SEC Releases Report on Meme Stocks and Equity and Options Market Structure Conditions
On October 18, 2021, the Securities and Exchange Commission (SEC) published a Staff Report on Equity and Options Market Structure Conditions in Early 2021 focusing on the January 2021 trading activity of GameStop Corp (GME). GME’s share prices skyrocketed to new highs and garnered a significant amount of attention, leading GME to become known as a “meme stock.” As the episode progressed in January, several retail broker-dealers temporarily prohibited certain activity in some of these meme stocks and options. GME experienced a number of factors that impacted the meme stocks generally: (1) large price moves; (2) large volume changes; (3) large short interest; (4) frequent Reddit mentions; and (5) significant coverage in the mainstream media. Because the meme stock episode raised several questions about market structure, the report also provides an overview of the equity and options market structure for individual investors. The report concludes by identifying several areas of market structure and regulatory framework that may be considered for potential study, including: (1) forces that may cause a brokerage to restrict trading; (2) digital engagement practices and payment for order flow; (3) trading in dark pools and wholesalers; and (4) the market dynamics of short selling.
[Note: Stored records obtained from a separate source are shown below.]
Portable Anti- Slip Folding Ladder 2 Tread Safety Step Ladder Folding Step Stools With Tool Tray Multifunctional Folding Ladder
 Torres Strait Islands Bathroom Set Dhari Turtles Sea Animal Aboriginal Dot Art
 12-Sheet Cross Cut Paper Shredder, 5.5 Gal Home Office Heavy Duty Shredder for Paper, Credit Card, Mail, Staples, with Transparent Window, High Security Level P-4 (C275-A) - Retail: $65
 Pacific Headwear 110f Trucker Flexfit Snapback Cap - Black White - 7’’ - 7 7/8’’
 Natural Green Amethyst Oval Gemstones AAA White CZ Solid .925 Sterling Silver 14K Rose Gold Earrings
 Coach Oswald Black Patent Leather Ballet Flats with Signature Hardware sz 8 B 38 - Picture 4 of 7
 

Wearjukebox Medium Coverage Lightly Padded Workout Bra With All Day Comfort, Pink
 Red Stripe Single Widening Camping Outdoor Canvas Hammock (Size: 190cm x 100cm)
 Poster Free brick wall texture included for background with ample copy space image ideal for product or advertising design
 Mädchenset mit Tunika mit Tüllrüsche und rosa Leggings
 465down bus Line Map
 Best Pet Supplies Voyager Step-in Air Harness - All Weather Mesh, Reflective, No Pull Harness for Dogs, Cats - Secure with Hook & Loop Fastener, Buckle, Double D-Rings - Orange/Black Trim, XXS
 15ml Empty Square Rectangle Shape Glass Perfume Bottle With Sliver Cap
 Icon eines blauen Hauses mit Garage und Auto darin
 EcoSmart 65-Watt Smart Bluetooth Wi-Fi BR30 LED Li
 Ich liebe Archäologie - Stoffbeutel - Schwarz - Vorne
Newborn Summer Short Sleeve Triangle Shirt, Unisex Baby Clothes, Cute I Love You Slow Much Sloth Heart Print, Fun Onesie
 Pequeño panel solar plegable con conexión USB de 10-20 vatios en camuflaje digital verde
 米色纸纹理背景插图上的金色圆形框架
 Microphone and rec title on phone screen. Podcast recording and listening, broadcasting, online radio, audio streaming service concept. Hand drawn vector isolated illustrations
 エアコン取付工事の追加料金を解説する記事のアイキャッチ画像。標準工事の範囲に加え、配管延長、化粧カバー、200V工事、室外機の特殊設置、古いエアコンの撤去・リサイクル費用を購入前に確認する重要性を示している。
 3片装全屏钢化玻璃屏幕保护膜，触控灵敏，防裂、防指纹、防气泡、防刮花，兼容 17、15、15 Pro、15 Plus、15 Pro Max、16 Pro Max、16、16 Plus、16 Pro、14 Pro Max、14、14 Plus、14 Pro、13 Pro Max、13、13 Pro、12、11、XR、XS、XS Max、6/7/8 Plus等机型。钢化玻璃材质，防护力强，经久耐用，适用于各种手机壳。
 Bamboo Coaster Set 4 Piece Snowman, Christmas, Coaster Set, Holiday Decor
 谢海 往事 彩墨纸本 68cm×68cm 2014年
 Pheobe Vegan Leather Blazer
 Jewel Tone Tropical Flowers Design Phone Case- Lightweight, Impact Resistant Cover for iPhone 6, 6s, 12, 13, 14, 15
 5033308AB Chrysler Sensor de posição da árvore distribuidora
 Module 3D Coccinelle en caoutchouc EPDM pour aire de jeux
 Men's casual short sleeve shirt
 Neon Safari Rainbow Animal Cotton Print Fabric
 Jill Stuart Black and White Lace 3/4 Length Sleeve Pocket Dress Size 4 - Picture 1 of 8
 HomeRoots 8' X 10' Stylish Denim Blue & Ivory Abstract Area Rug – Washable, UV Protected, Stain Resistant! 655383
SEC Announces Enforcement Results for FY 2021
On November 18, 2021, the SEC announced its enforcement results for fiscal year 2021, which ended on September 30. Over the course of FY 2021, the SEC filed 434 new enforcement actions, a 7% increase from 2020. These new actions spanned the entire securities waterfront, including against emerging threats in the crypto and SPAC spaces. The SEC also obtained judgments and orders for nearly $2.4 billion in disgorgement and more than $1.4 billion in penalties, a 33% decrease and 33% increase, respectively, from 2020. FY 2021 also set a record for whistleblower awards, with the SEC awarding a total of $564 million to 108 whistleblowers. There were also several noteworthy enforcement actions in new areas such as actions involving securities using decentralized finance, or “DeFi,” technology, securities law violations on the “dark web,” charging an alternative data provider with securities fraud, failures to timely file and deliver Forms CRS, and an action against an order and execution management system provider that facilitated electronic trading for failing to register as a broker-dealer.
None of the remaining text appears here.